The following is the complete github action log:

App, linuxamd64, ubuntu-latest.txt

Hey @Cyberhan123 👋

Can you also provide the output of go env (feel free to redact any value that you don't feel comfortable sharing)?

In fact, there is in the log.

I do not. Seems very strange since no changes to the dynamic linking have been made in quite a while

@Cyberhan123 does it work if you set CGO_ENABLED=0?

If I am not mistaken, if relocations happens during build process it means the library is being statically linked. Now the question is: why would anyone want to static link libdl? I believe this could be caused by another package somewhere in the dependency tree that added -static or equivalent in the LDFLAGS directive for cgo.

Adding -x and -work flags should give us enough info to understand if it's the case by grepping in the files and logs. I should be able to try it myself tomorrow.

Relocations happen for any symbol that is in a different object file. Even if that symbol is one that is dynamically linked it must be relocated to the GOT & POT at build time.

However, I think you might be correct that there is something causing it to try and be statically linked which isn't possible with purego. Please do let me know what you find!

I was able to confirm on Ubunutu arm64 that building with #cgo LDFLAGS: -static produces the same output that is displayed above. This would suggest that this isn't an issue with purego as there is no way to statically link with purego since it requires libdl.so. Someone could rewrite the entire dynamic linker in Go but that sounds like it's begging to break.

@Cyberhan123 does it work if you set CGO_ENABLED=0?

If it is pure go code, there is no problem,If cgo exists, the above error will be reported.

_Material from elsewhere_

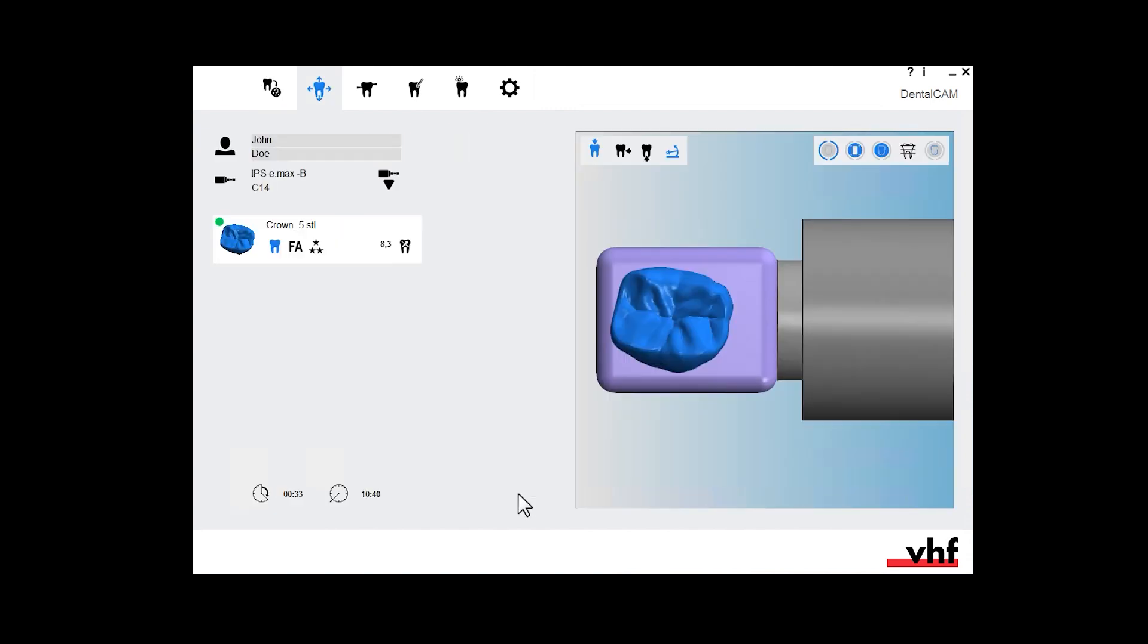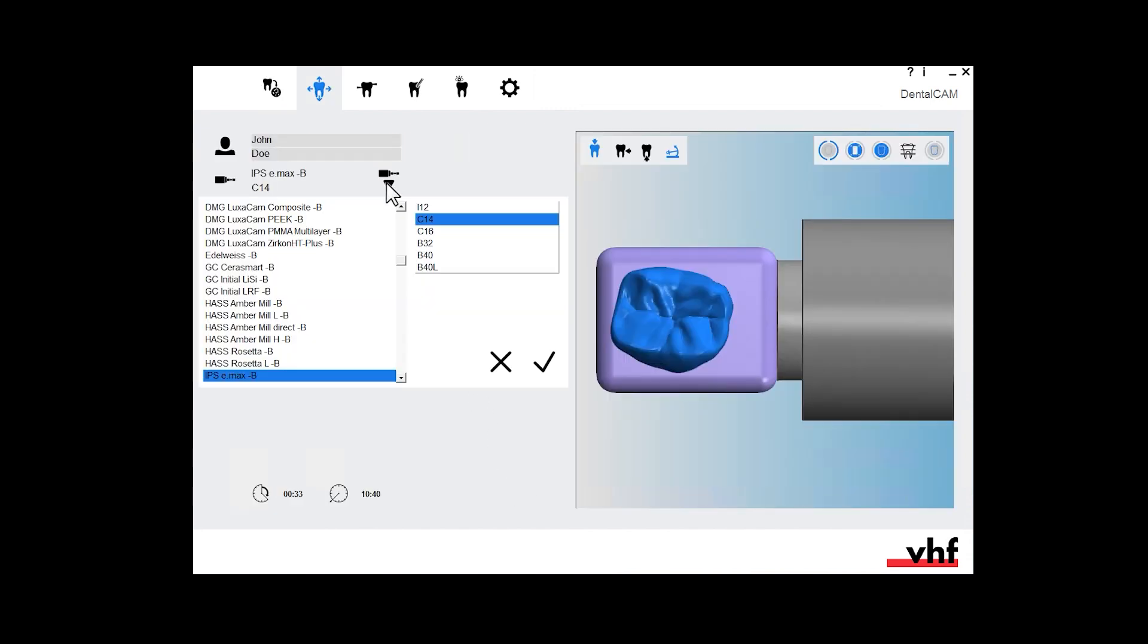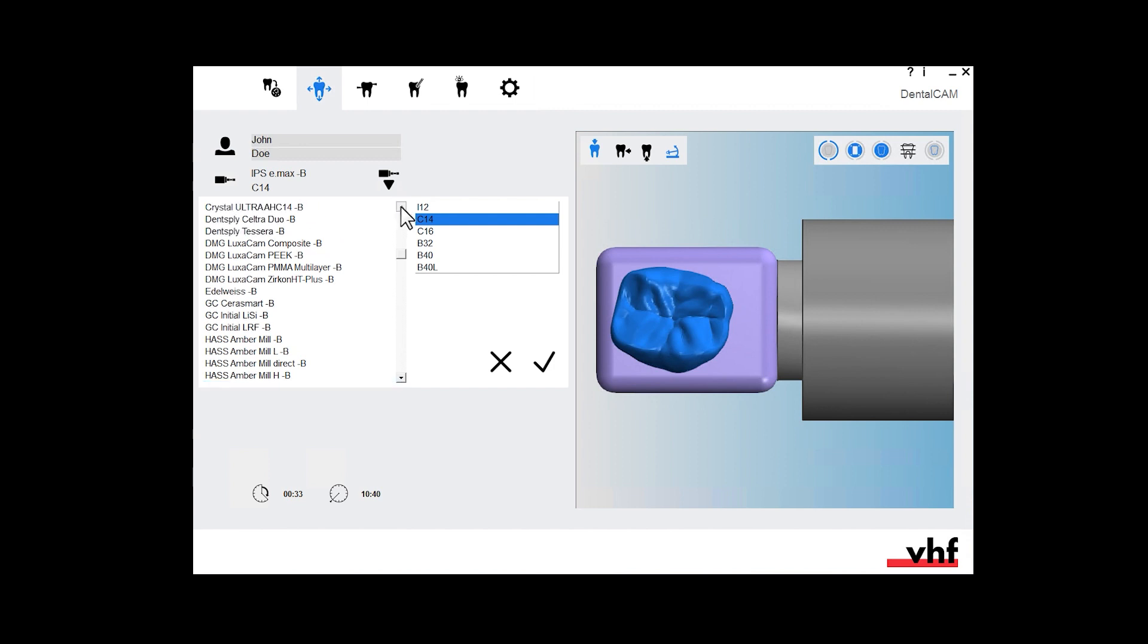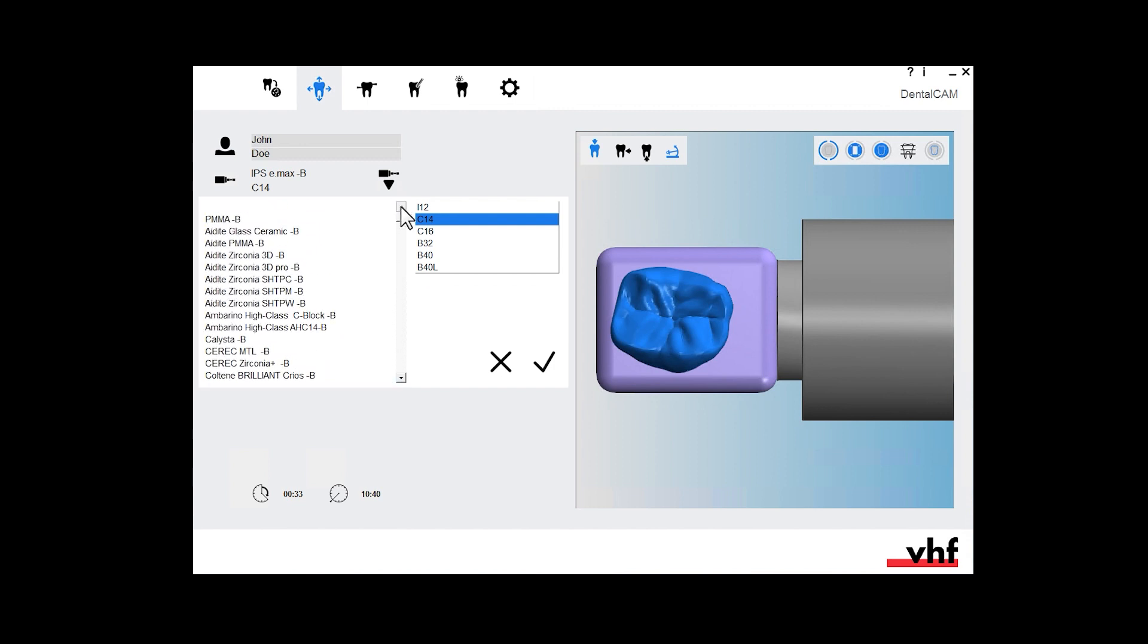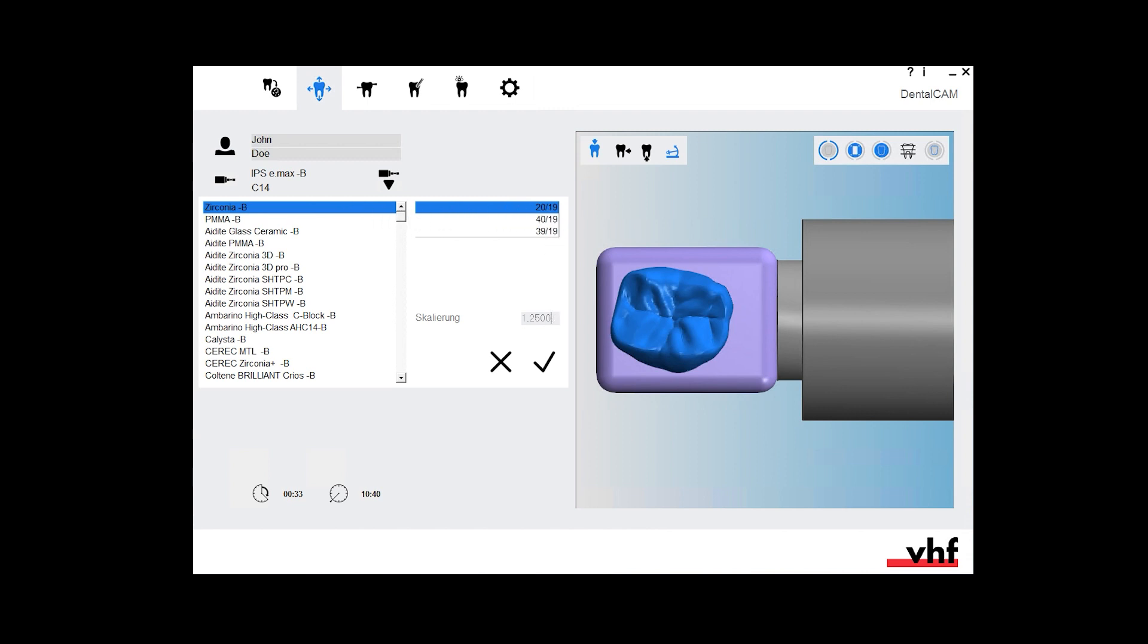The nesting view opens. Select the block material and size. If required, correct or confirm the scaling factor.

I was able to confirm on Ubunutu arm64 that building with #cgo LDFLAGS: -static produces the same output that is displayed above. This would suggest that this isn't an issue with purego as there is no way to statically link with purego since it requires libdl.so. Someone could rewrite the entire dynamic linker in Go but that sounds like it's begging to break.

I'm using wails to build the desktop app ,I need to investigate it, thanks for the heads up.

My code below also causes this problem:

CGO_ENABLED=1 go build main.go
package main

import (
	"fmt"
	"image"
	"image/color"
	"image/png"
	"os"

	sd "github.com/seasonjs/stable-diffusion"
)


// #include <stdio.h>
// #include <stdlib.h>
//
// void __lsan_do_leak_check(void);
//
//#cgo CFLAGS: -fsanitize=address
//#cgo LDFLAGS: -fsanitize=address
import "C"

func MemoryLeakCheck() error {
	diffusion, err := sd.NewCStableDiffusion("./deps/linux/lbsd-abi.so")
	if err != nil {
		return err
	}
	diffusion.SetLogCallBack(func(level sd.LogLevel, text string) {
		fmt.Printf("%s", text)
	})
	ctx := diffusion.NewCtx("./models/miniSD.ckpt", "", "", "", false, false, true, 4, sd.F16, sd.CUDA_RNG, sd.DEFAULT)
	defer diffusion.FreeCtx(ctx)

	images := diffusion.PredictImage(ctx, "british short hair cat, high quality", "", 0, 7.0, 128, 128, sd.EULER_A, 10, 43, 1)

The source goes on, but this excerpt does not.